The Aspect's stiff midsole sets it up well to be an edging wizard, and our testers were thoroughly impressed with its ability to stick to micro edges on a variety of rock types. Its 4.3 mm of NeoFriction Force feels plenty sticky and held up to three months of testing without showing obvious wear.
We particularly like that this shoe can achieve what feels like a performance fit despite its flat sole. The stiffness of this sole also ensures that your feet are well supported and don't fatigue during sustained edging sequences. Perhaps its greatest strength, however, is that it can do all of this while still maintaining considerable sensitivity—a characteristic that's often sacrificed in many trad shoes. We think this combination of edging power and sensitivity is its most impressive feature.
Marketed as a trad shoe, we expected the Aspect would perform well on cracks. It greatly exceeded these expectations. The absence of a downturn in the sole allows your toes to lay flat, improving comfort for any size foot or toe jam. The toe box volume is also low, which makes these kicks useful for slithering into cracks that are thin hands size or smaller. The four eyelets on the laces closest to the toe are also protected with a clever strip of leather to smooth out the contact surface and prevent the laces from getting worn through.
The only kind of crack that the Aspect didn't astound us on was off-widths. That's because its low top design doesn't rise high enough to guard your ankles like other a lot of other trad specific shoes do. However, this is deficiency is easy to fix with a little athletic tape. On the other hand, the low-top upper was praised by at least one off-width tester because it did not irritate his sensitive Achilles.
Our lead tester wears a 10.5 street shoe and was delighted with the fit of a pair of size 10 Aspects. The leather upper includes a hemp lining, which usually limits how much a shoe will stretch. However, we were surprised by how much they stretched and how thoroughly they molded to our feet. The flat and stiff sole boosts their comfort making them ideal for intricate techy projects or long multi-pitch routes. In addition, the leather flap that covers the lower laces reduces pressure points while squeezing them inside thin cracks.During a brief break-in period, however, we noticed a bit of discomfort. This was principally due to a rough spot at the seam where the tongue and leather upper meet. This roughness abraded the smaller toes of our tester, causing painful micro cuts. He was able to solve this problem temporarily with a tape. Later, once the shoes were properly broken in the problem went away and he was pleased with the comfort.
The Aspects have a narrow toe profile vertically that allows them to squeak inside small slots.

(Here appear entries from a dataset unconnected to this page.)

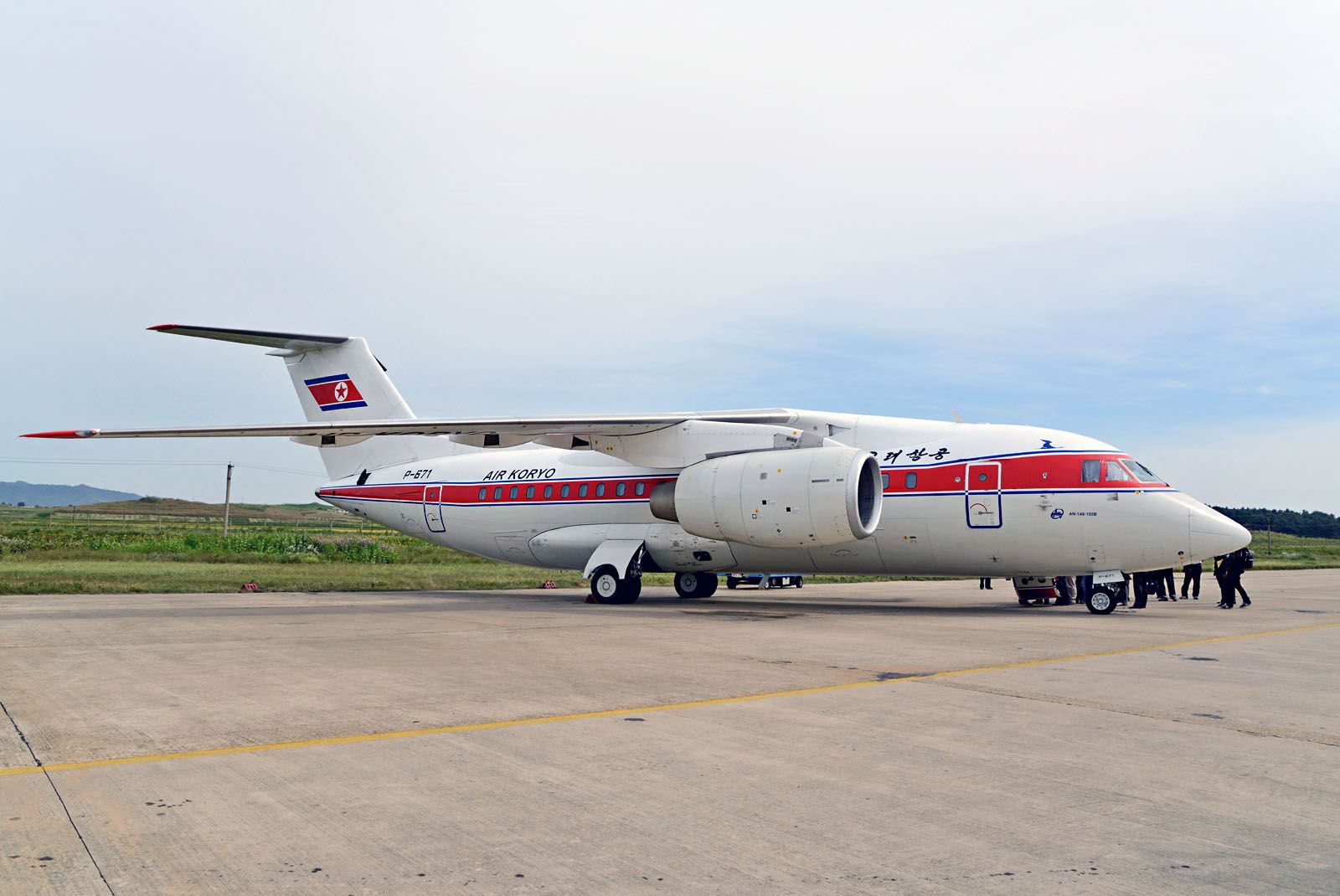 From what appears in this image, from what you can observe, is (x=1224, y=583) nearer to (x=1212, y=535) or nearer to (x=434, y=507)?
(x=1212, y=535)

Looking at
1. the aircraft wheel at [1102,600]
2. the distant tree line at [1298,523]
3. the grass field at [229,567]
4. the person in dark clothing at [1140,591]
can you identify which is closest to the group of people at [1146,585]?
the person in dark clothing at [1140,591]

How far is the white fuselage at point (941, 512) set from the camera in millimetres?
16469

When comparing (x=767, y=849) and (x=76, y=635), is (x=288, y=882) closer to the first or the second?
(x=767, y=849)

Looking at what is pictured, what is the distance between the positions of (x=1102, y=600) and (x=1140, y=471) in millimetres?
2293

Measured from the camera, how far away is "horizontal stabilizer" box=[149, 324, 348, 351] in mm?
18219

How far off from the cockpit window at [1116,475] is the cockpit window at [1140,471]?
0.45 feet

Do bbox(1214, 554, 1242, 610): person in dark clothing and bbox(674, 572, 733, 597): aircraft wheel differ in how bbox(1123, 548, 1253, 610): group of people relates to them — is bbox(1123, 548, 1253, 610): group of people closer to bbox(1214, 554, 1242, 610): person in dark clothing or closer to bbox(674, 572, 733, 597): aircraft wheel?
bbox(1214, 554, 1242, 610): person in dark clothing

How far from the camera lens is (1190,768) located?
19.0ft

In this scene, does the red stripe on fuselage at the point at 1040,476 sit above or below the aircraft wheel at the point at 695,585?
above

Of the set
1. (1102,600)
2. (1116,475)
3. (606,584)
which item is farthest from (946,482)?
(606,584)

The flat sole, however, means that they're not very effective for pulling or hooking with your feet when the wall angle gets steep. Laterally, the toe box is also pretty wide (ie. not pointy) which can make squeezing them inside narrow pockets an impossible task. For occasional pocket climbing, the Aspects do OK, but we recommend a more downturned design for your next exotic trip to a limestone pocket paradise.
In other aspects of steep climbing, this shoe mildly impresses. Compared to many other high-top tradies, the Aspect actually feels pretty adept at heel hooking during some bouldering trials. Even though it lacks a fully rubber-covered forefoot, the extended rand also boosts its usefulness at toe hooking. Although this performance isn't generally necessary in a trad shoe, it may be welcomed by climbers trying to minimize the size of their shoe quiver.
These shoes are outfitted with 4.3 mm of NeoFriction Force rubber. Although that's a little thicker than most shoes, the Aspects still manage to feel surprisingly sensitive. Our testers believe they feel a notch more sensitive than their popular trad shoe rival, the TC Pro. The stiff sole of the Aspect, however, ultimately places a ceiling on how sensitive they can be. Don't expect to be able to feel the same minuscule holds as you could in a pair of soft bouldering shoes. But unlike a bouldering shoe, the Aspects provide enough support to keep you climbing all day long.
Considering the performance these shoes offer, they seem like a great bargain at their full list price. Head to head, we even think that some trad climbers will prefer them over the more popular, and more expensive, La Sportiva TC Pro due to the Aspect's higher sensitivity. If you add to that the durability advantage from 0.3 mm of extra rubber, these shoes start looking like an even better deal. After examining the current trad shoe offerings, we think they provide the highest value for a performance shoe well-suited for multi-pitch climbing.
The trad and crack climbing shoe scene has been dominated by the TC Pro for several years now. That's starting to change as other companies continue to add their own stiff-soled, high-top mimics. Black Diamond's contribution, the Aspect, is a great addition that bucks the high-top trend. It's worthy of consideration for anyone suffering Achilles pain or desiring a little more sensitivity in a stiff shoe. When we factor in its reasonable price, it's a clear choice for a Best Buy Award as a bargain multi-pitch shoe.